# Locos will not consist



## Santafe_man (Mar 18, 2014)

I have 2 locos with NCE decoders installed which I cannot program into a consist. They don't react when the command is sent to them (motor turn).
I am using NCE Cab controller.
Any ideas?

Thanks John.


----------



## DonR (Oct 18, 2012)

Thought sure one of the NCE guys would show up
with the answer to your problem.

You can consist DCC locos by assigning the
same address to both. That's what I do with
my Bachmann EZ DCC system. It does not
have the capability of setting CVs, as does
your NCE.

Don


----------



## redman88 (Nov 25, 2015)

I haven't played with consisting yet on my NCE. But have you look for you tube videos on the subject?

Here is a list I found. 


https://m.youtube.com/results?q=nce consisting &sm=3


----------



## Santafe_man (Mar 18, 2014)

Thankyou, I will watch some & see if they mention about a loco failing to consist. I might also read my NCE manual again to see if there is a factory default reset you can do.
The only problem with programming the same address is when you want to break the consist to run a loco by itself.


----------



## redman88 (Nov 25, 2015)

Santafe_man said:


> Thankyou, I will watch some & see if they mention about a loco failing to consist. I might also read my NCE manual again to see if there is a factory default reset you can do.
> 
> The only problem with programming the same address is when you want to break the consist to run a loco by itself.

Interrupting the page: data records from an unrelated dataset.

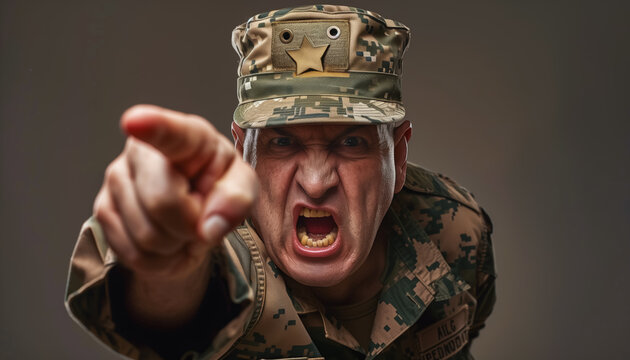 Drill sergeant with angry face expression pointing finger to camera. Generative AI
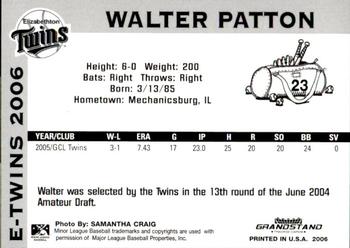 2006 Grandstand Elizabethton Twins #25 Walter Patton Back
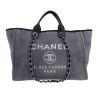 Shopping bag Chanel  Deauville in tela blu e pelle blu - 360 thumbnail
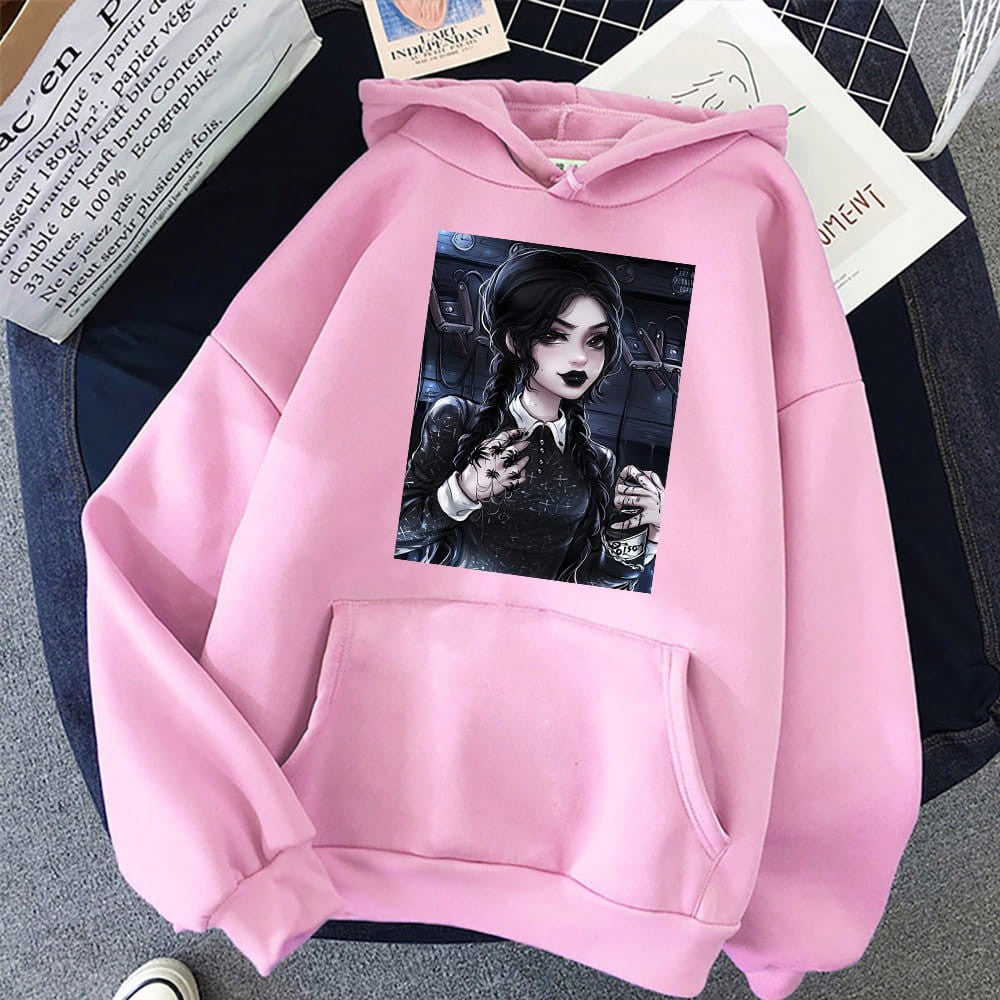 Netflix Cotton Hoodie Wednesday Addams Spiders Colors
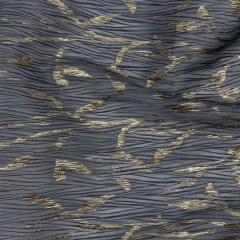 Metallic Gold and Steel Leafy Stems Luxury Plisse Brocade with Scalloped Edges Metallic Gold and Steel Leafy Stems Luxury Plisse Brocade with Scalloped Edges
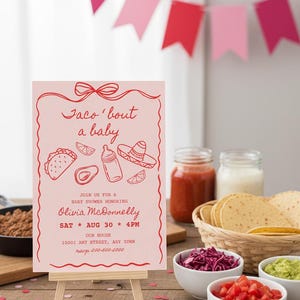 Fiesta Baby Shower Invitation: Pink Taco Theme (Digital Download, Editable Canva Template)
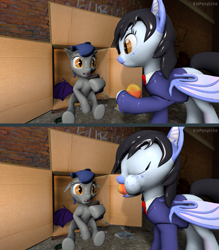 Size: 1279x1458 | Tagged: safe, artist:batponyecho, imported from derpibooru, oc, oc only, oc:echo, oc:mitzy, bat pony, pony, 3d, about to cry, alley, alleyway, bat pony oc, bat wings, box, can, clothes, comic, cruel, duo, eating, female, food, herbivore, homeless, mango, mare, nope, poor, pure unfiltered evil, sad, sfm pony, source filmmaker, spread wings, wings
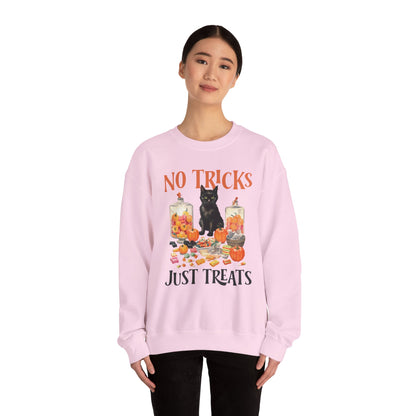 No Tricks Just Treats Sweatshirt Vintage 1950s Halloween Sweater Halloween Party Sweatshirt Retro Halloween Fall Sweater Funny Cat Lover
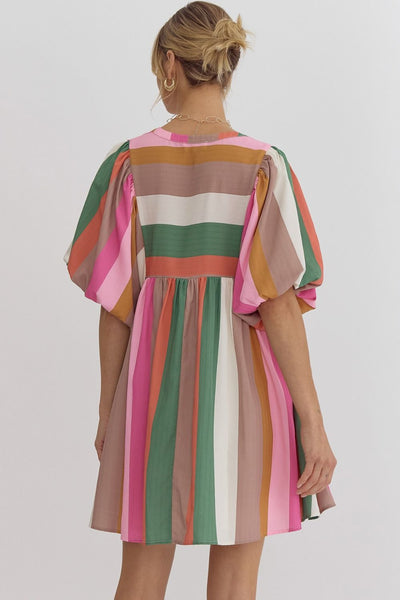 sunset sorbet bubble sleeve babydoll dress | multi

Cv8 to 8 is factory reset.


----------



## Santafe_man (Mar 18, 2014)

Thanks Redman88, some of the youtube videos were good to watch as well.


----------



## santafealltheway (Nov 27, 2012)

I was told by someone on here some locos will require a booster to get all programming functions to work.

sorry i cant be any more specific than that.


----------



## Mark R. (Jan 26, 2013)

santafealltheway said:


> I was told by someone on here some locos will require a booster to get all programming functions to work.
> 
> sorry i cant be any more specific than that.


Consisting is done on the main, not a programming track. 

Somebody correct me if I'm wrong, but I'm fairly certain NCE doesn't utilize consisting addresses like other systems. They use pre-determined consist address ranging from 112 to 127. Your manual "should" clarify this.

Mark.


----------



## Santafe_man (Mar 18, 2014)

I ended up deleting the locos even though I could not find them in a consist. I was then successful in consisting them on the programming track. 
You are right in saying that consists on NCE use addresses in the range of 127 down to 100. But you can't use a consist address in this range that is allocated to a individual loco.
Otherwise when you activate the consist you also activate the individual loco with the same address.


----------